Odours from the massive Canopy Growth Corp. greenhouse in Langley prompted some area residents to dub 2019 the “summer of stink” and push for the enforcement of federal rules requiring licensed production facilities to have systems in place for limiting emissions.

A petition, launched in September, asks BC Premier John Horgan to intervene. It argues the Agricultural Land Commission seems happy to regulate other forms of construction but is giving cannabis facilities a free pass.

“The ALC seems to have plenty of time to enforce building rules, fill applications, farmland uses, mobile home applications, and other rules – it’s time they enforce this one,” says a form letter petitioners can send to Horgan.

ALC compliance and enforcement staff are limited to enforcing the commission’s own regulations, however, not federal law.

However, Metro Vancouver, the regional district that includes the 21 municipalities and one treaty First Nation west of Abbotsford, is considering using its powers under the province’s Environmental Management Act to regulate emissions. It estimates that 6.8 million square feet of cannabis production in the region could emit 870 tonnes of volatile organic compounds (VOCs) a year. It’s those compounds that people smell when they talk about cannabis odour, and Metro Vancouver deems them hazardous because they can produce ground-level ozone. Agriculture in the region as a whole has emissions estimated at less than 200 tonnes per year.

The proposed regulation would see cannabis operations pay a registration fee of $2,000 that would cover administrative costs related to the registration of production facilities and a government review of odour management plans and inspection. Registered facilities would pay an annual fee of $250 plus an emissions fee based on estimated production.

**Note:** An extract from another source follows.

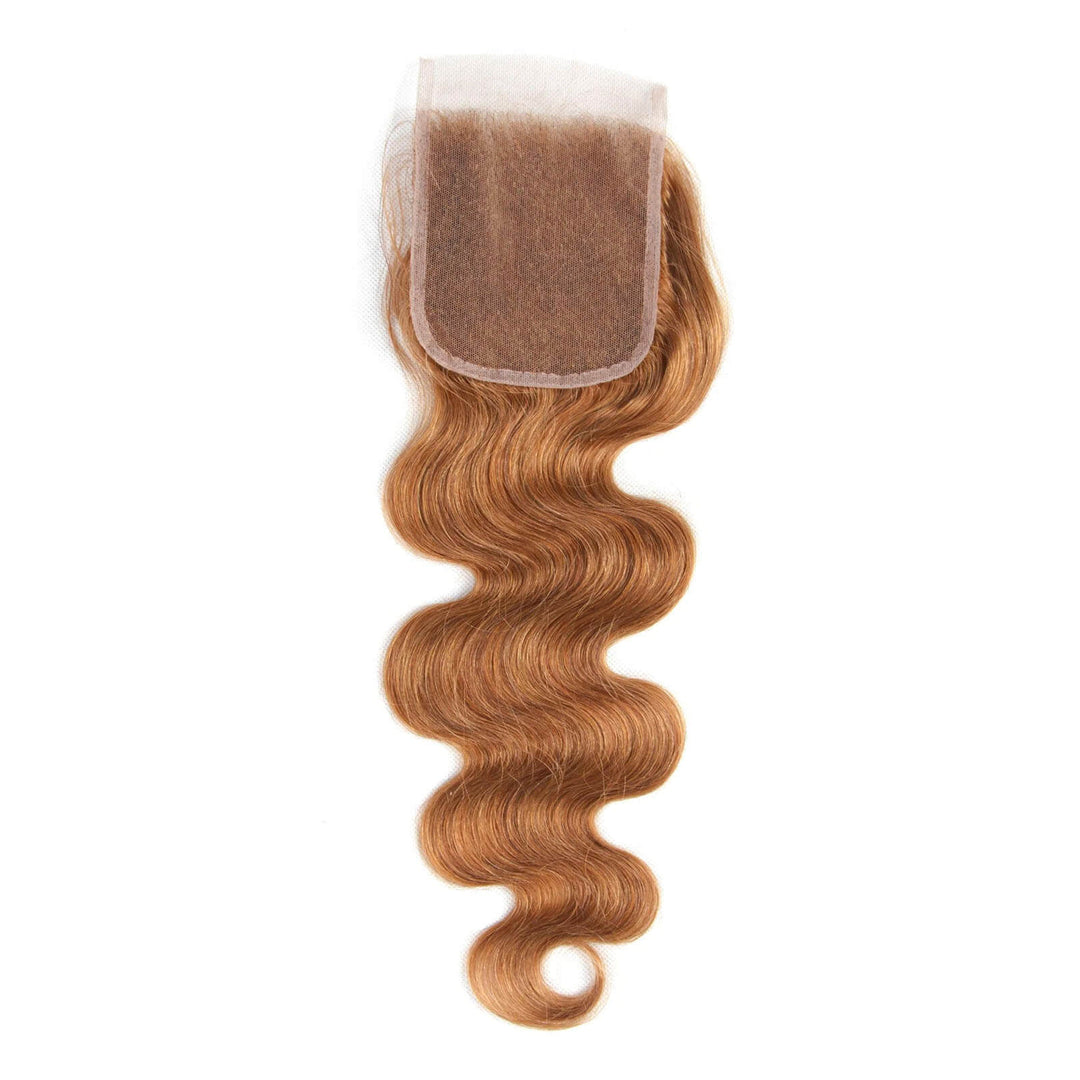 Medium Auburn Hair 4x4 Lace Closure Body Wave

The BC Agriculture Council notes that cannabis production is a permitted farm use and farms of any sort will generate some level of odour; it wants further work to determine what constitutes normal – and therefore, protected – farm practices for cannabis growers.

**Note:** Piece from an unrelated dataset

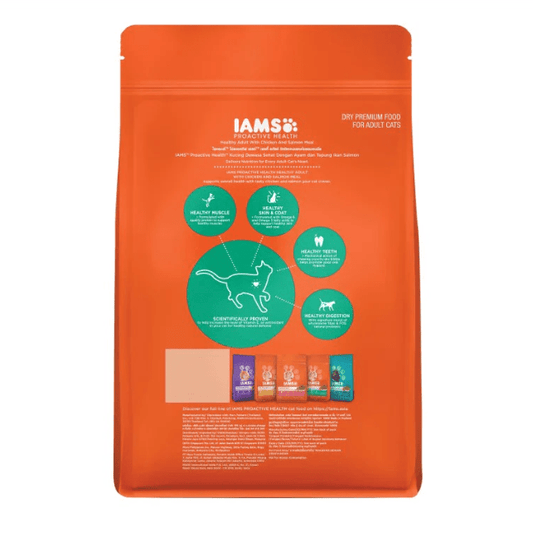IAMS Proactive Health adult cat food pouch back panel with feeding and health info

Delli Santi warns that regulating odours as VOCs could potentially impact other areas of agriculture to include livestock and manure use, especially as the Lower Mainland continues to urbanize.

Esther Bérubé, division manager of air quality bylaw and regulation development with Metro Vancouver, says that a farm operation must not contravene the province’s Environmental Management Act to be protected under the province’s Farm Practices (Right to Farm) Act; in short, normal farm practices must protect the environment.

The province’s Environmental Management Act delegates authority to Metro Vancouver to regulate air contaminants in their region. “So, basically, they cannot be in contravention of Metro Vancouver’s requirements,” she says.

The developments meant just one thing is certain for greenhouse growers operating on protected farmland in BC: the regulations aren’t becoming any less complicated. While the province is consulting with growers on how it can make their lives easier, many would like to see government get out of the way.

“They have to back off and let us be creative,” says Moran, who says the question growers always asked him when sold cuttings on behalf of nurseries was, “What can I make money on?” He says those who want to protect farmland need to ask the same question, focusing not just on preservation but profitability. “We need them to switch gears from protection to visionary,” he says.